* _Instructions for the task_: Since the records include pictures, leave those out while you reproduce exactly and only the lines from the one containing "Lobster point lighthouse" through the one containing "washroom with laundry", inclusive.

(Caption-style text data)
● ● ●

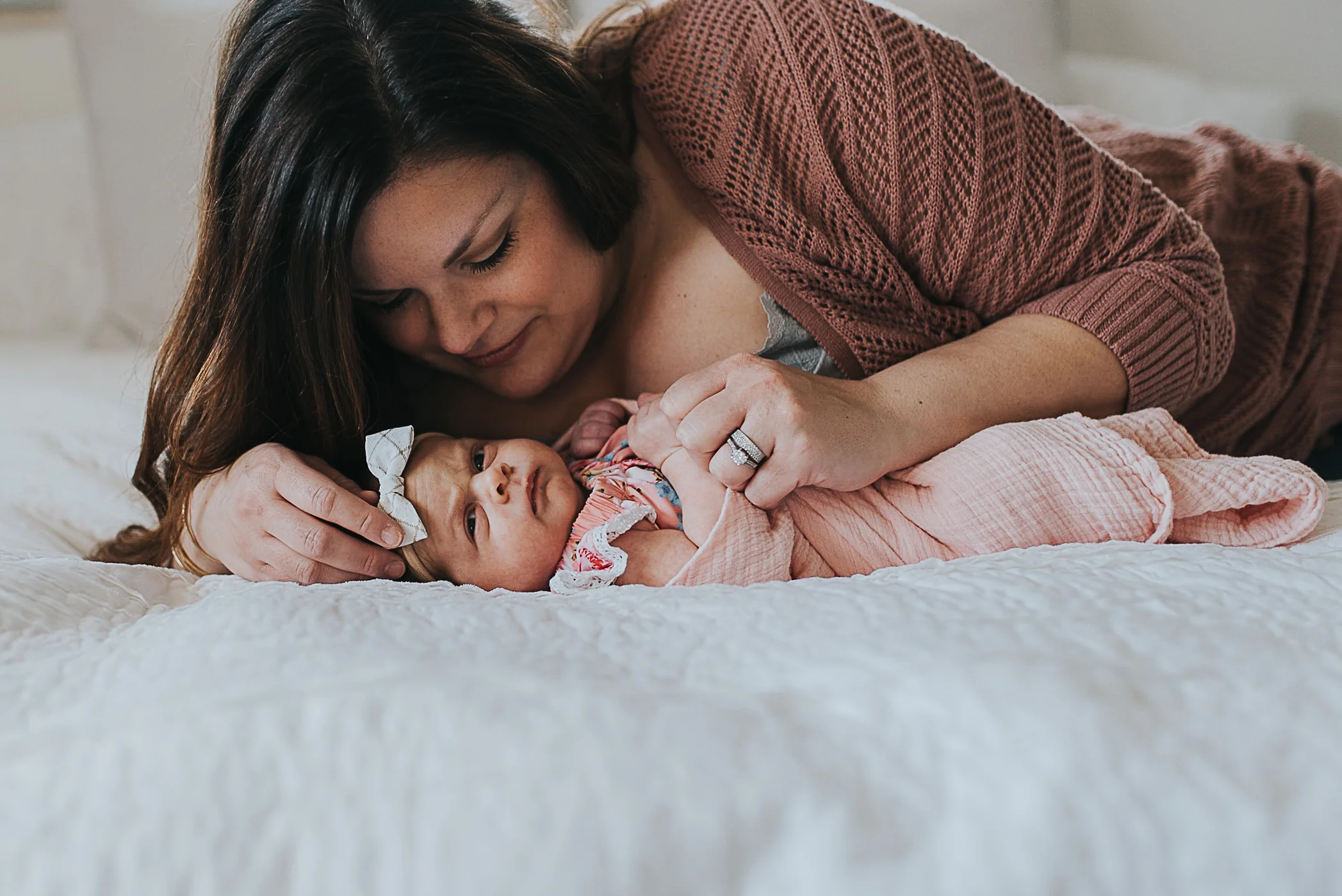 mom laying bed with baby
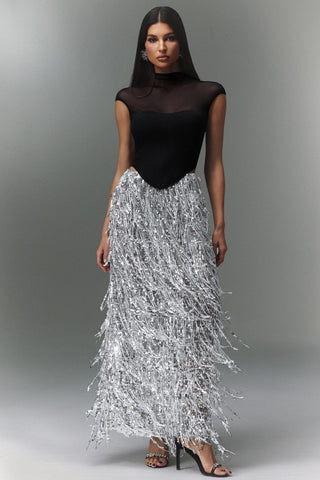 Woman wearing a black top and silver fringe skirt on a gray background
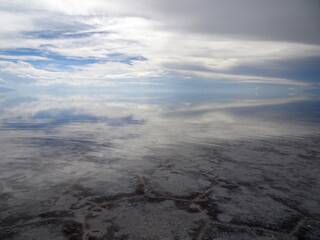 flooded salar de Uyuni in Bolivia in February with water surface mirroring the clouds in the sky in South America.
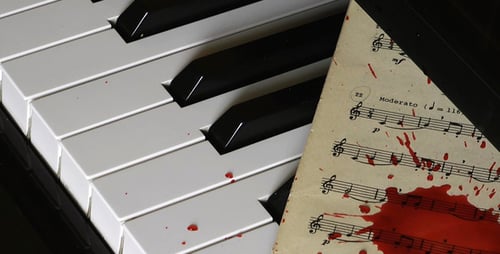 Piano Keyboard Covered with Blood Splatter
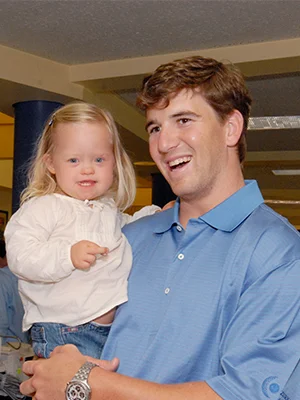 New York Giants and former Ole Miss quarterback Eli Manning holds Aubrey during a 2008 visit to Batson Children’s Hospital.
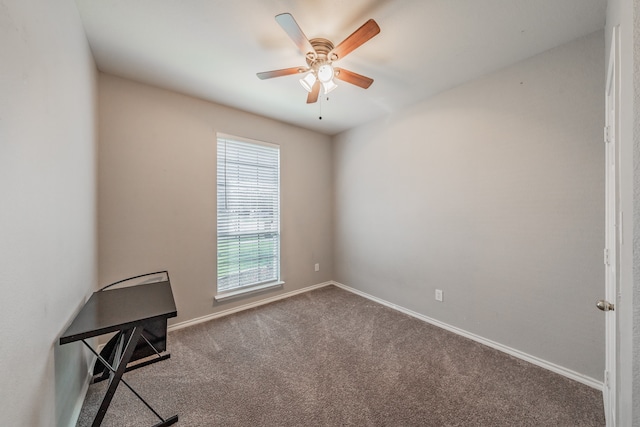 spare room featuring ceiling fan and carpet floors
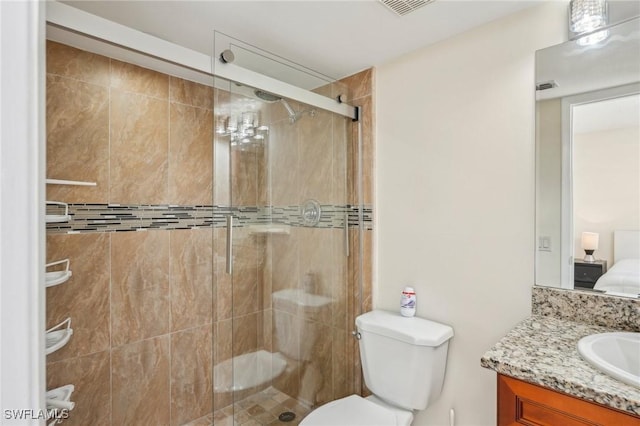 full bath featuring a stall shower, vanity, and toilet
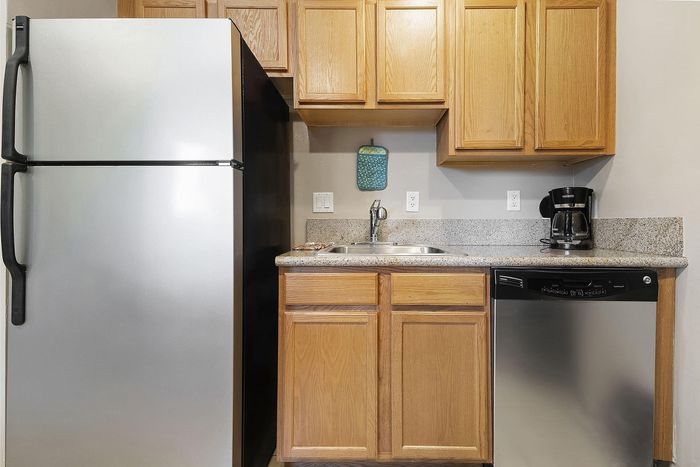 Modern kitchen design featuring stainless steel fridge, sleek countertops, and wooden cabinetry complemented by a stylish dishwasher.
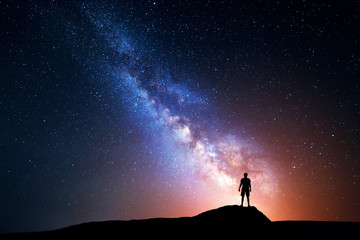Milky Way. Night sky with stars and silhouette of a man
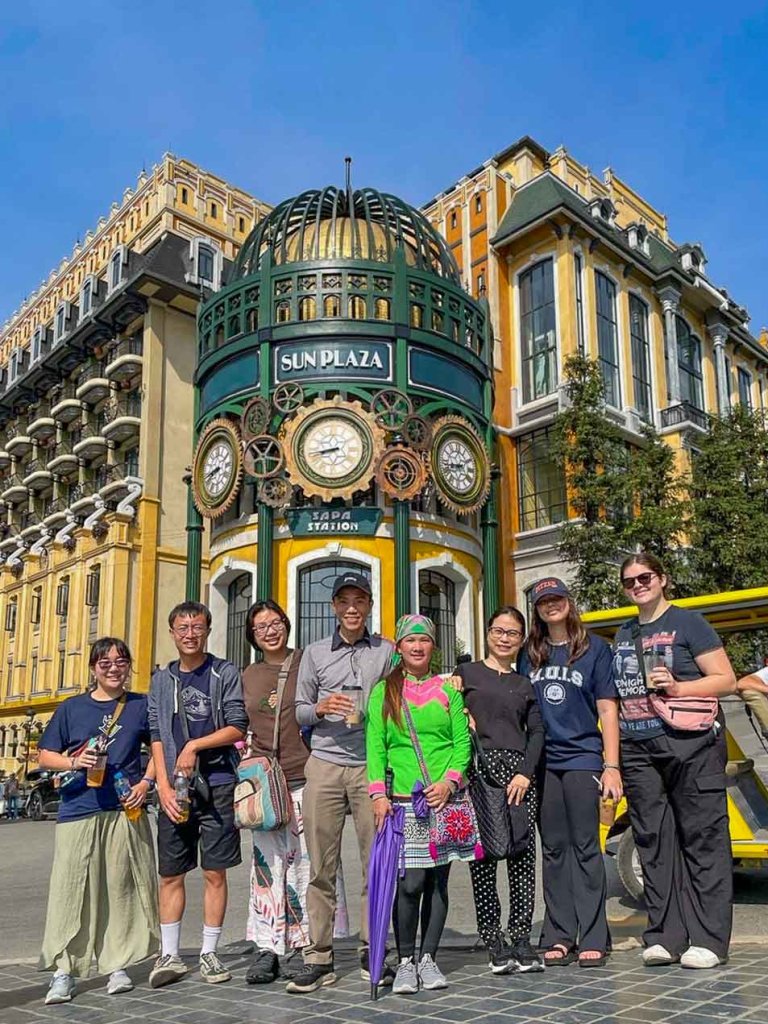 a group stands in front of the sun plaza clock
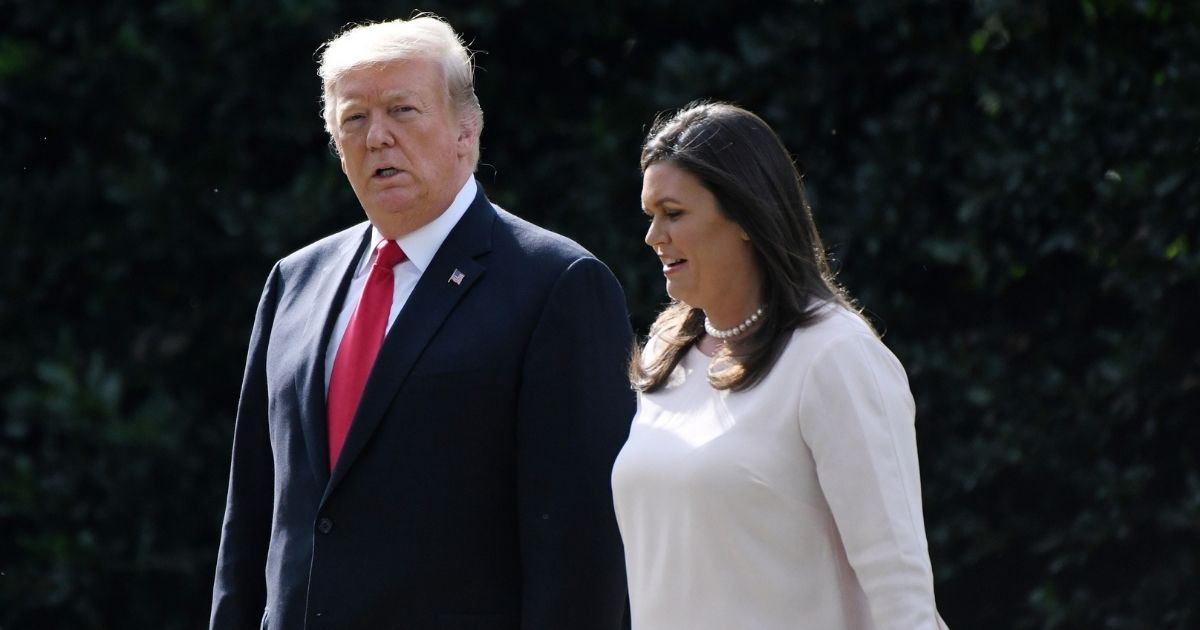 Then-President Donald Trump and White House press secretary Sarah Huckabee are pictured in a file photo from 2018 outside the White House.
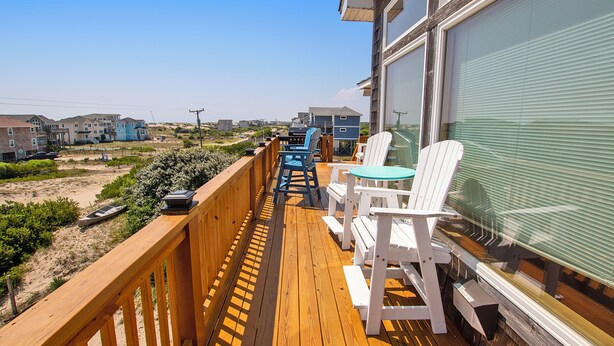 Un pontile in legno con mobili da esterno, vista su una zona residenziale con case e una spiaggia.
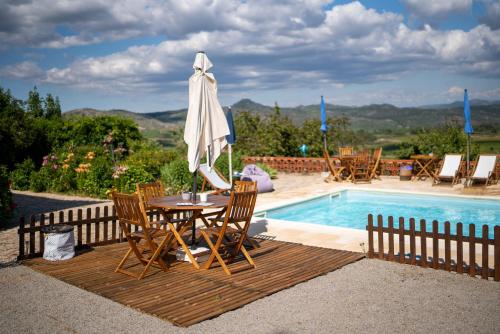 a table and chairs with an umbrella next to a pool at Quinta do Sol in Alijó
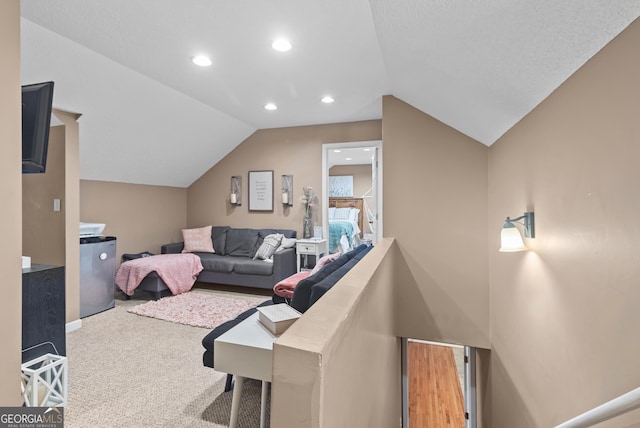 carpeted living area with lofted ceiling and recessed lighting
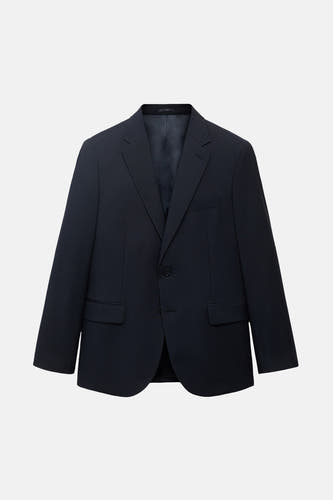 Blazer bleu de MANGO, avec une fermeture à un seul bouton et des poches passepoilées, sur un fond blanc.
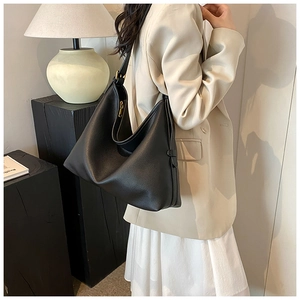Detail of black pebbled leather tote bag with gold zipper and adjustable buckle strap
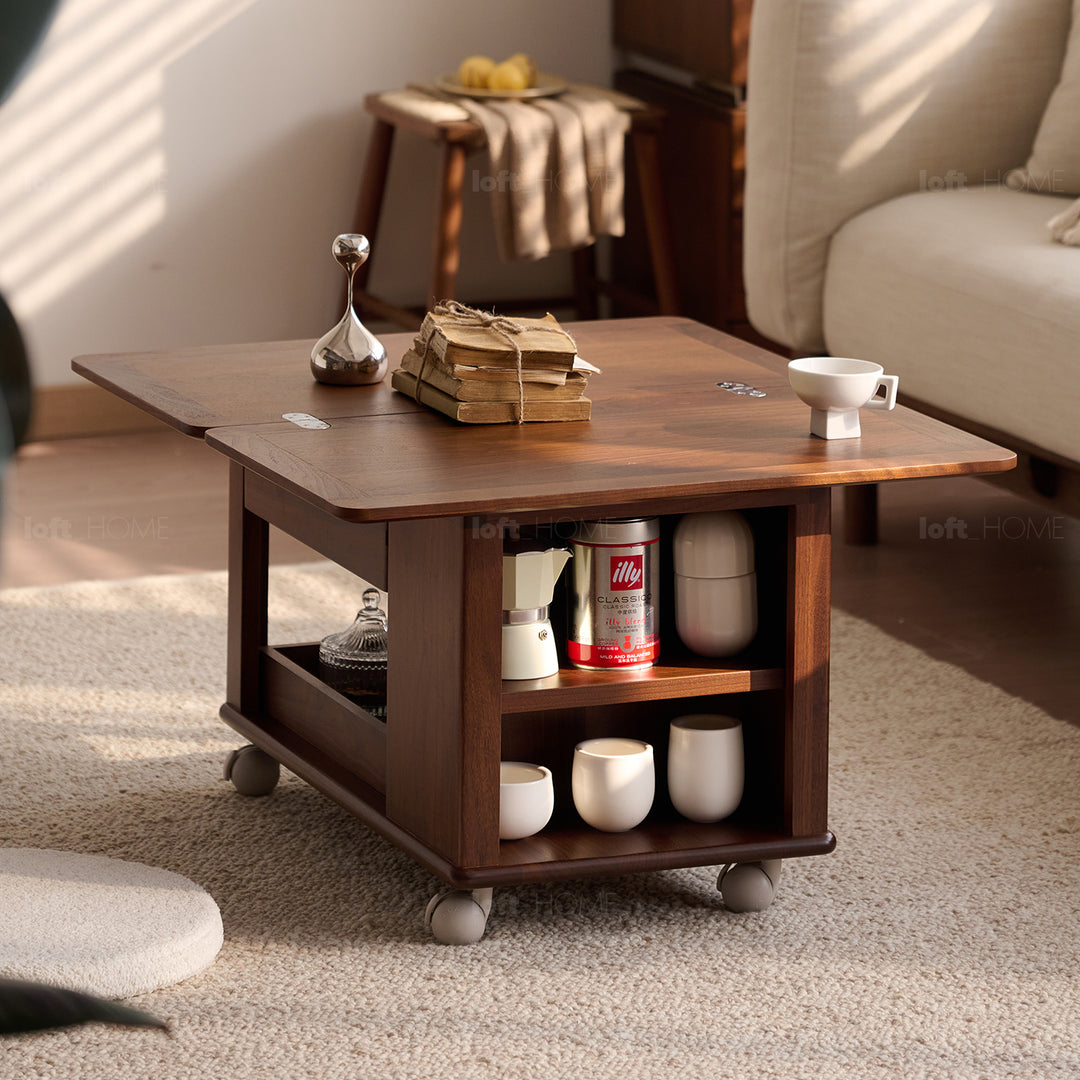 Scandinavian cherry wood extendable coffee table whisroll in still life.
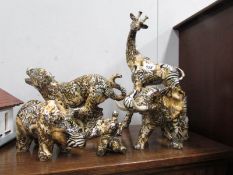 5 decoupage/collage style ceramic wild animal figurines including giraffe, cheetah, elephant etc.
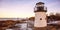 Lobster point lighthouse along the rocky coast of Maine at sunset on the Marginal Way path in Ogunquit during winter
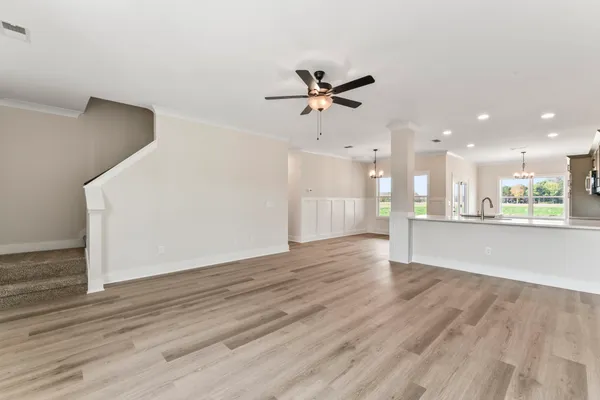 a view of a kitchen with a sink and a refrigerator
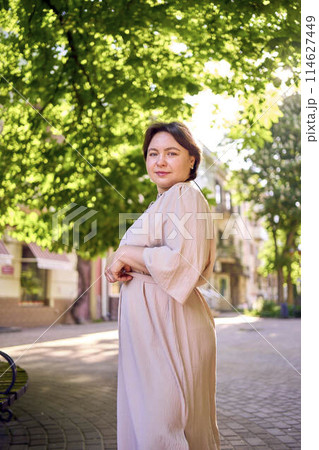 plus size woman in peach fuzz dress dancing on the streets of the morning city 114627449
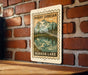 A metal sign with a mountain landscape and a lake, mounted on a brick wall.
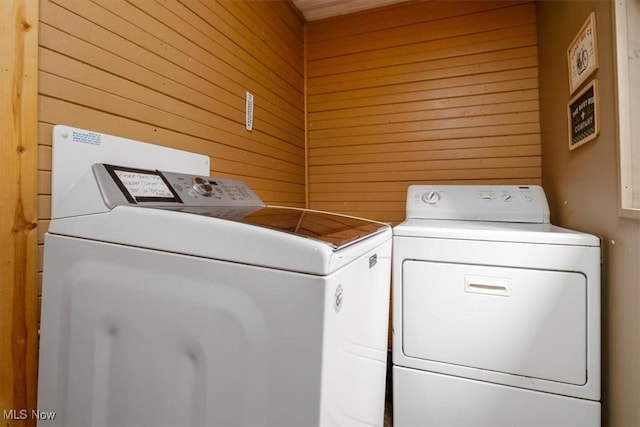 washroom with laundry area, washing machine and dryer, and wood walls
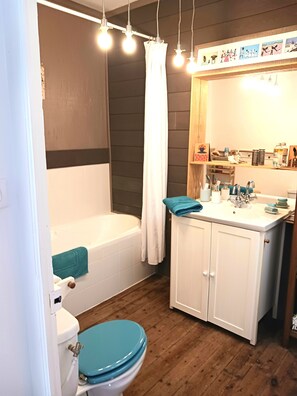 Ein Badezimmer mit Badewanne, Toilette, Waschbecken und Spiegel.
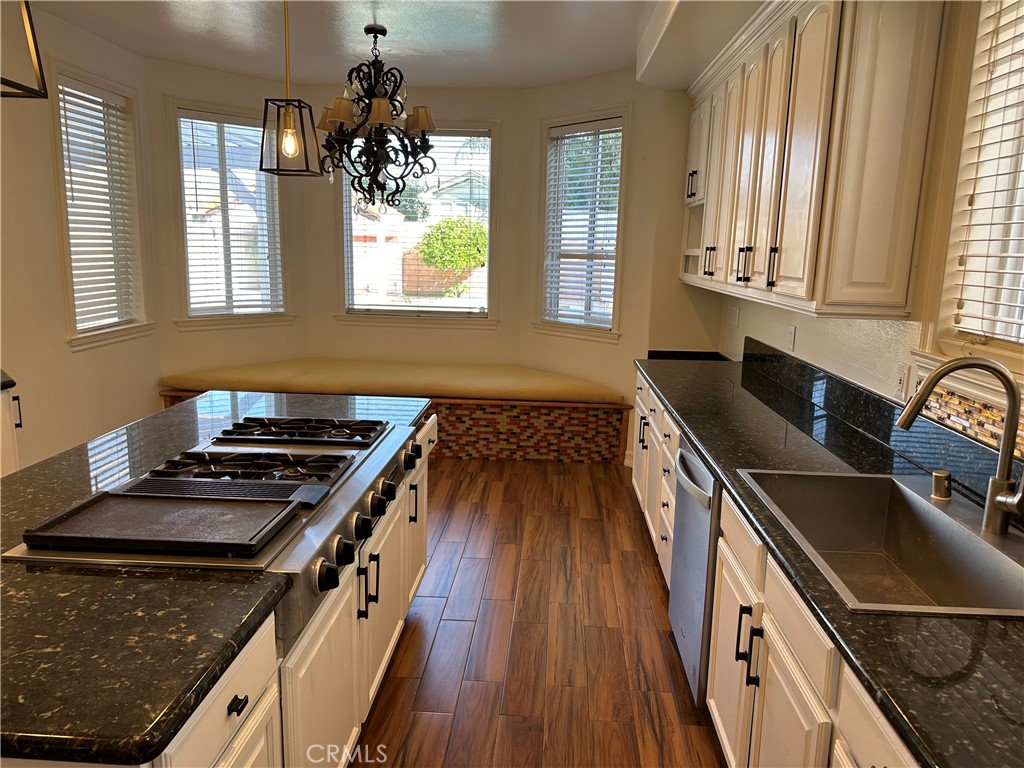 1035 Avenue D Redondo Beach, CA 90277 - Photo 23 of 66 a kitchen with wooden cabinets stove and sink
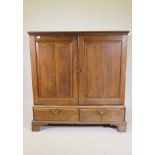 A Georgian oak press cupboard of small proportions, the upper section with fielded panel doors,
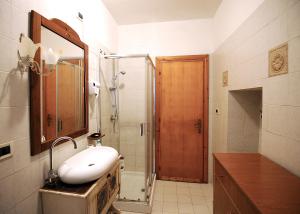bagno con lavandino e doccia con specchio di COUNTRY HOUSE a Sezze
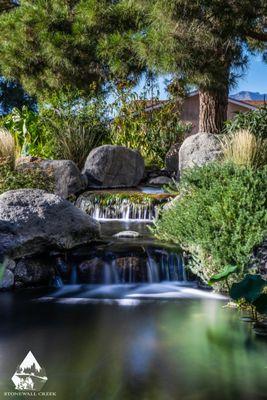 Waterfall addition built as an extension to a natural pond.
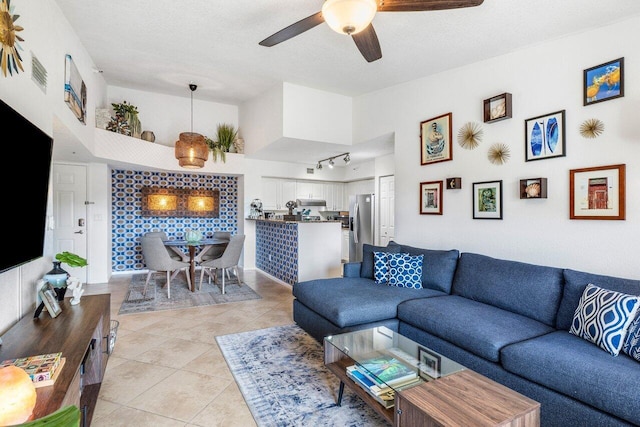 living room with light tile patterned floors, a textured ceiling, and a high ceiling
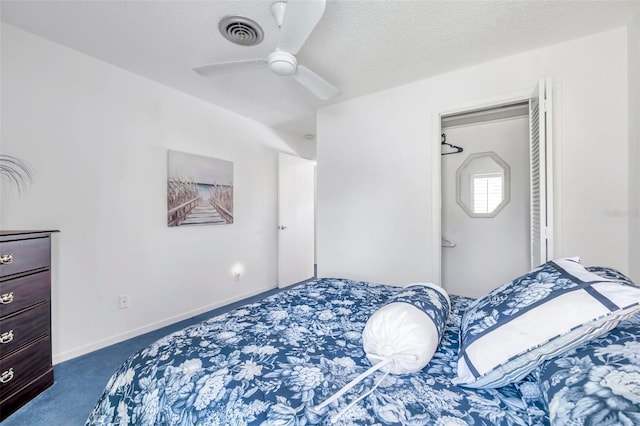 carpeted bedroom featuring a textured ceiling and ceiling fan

● ● ●

* _Response box_:
 Lobster point lighthouse along the rocky coast of Maine at sunset on the Marginal Way path in Ogunquit during winter
 a view of a kitchen with a sink and a refrigerator
 plus size woman in peach fuzz dress dancing on the streets of the morning city 114627449
 A metal sign with a mountain landscape and a lake, mounted on a brick wall.
 washroom with laundry area, washing machine and dryer, and wood walls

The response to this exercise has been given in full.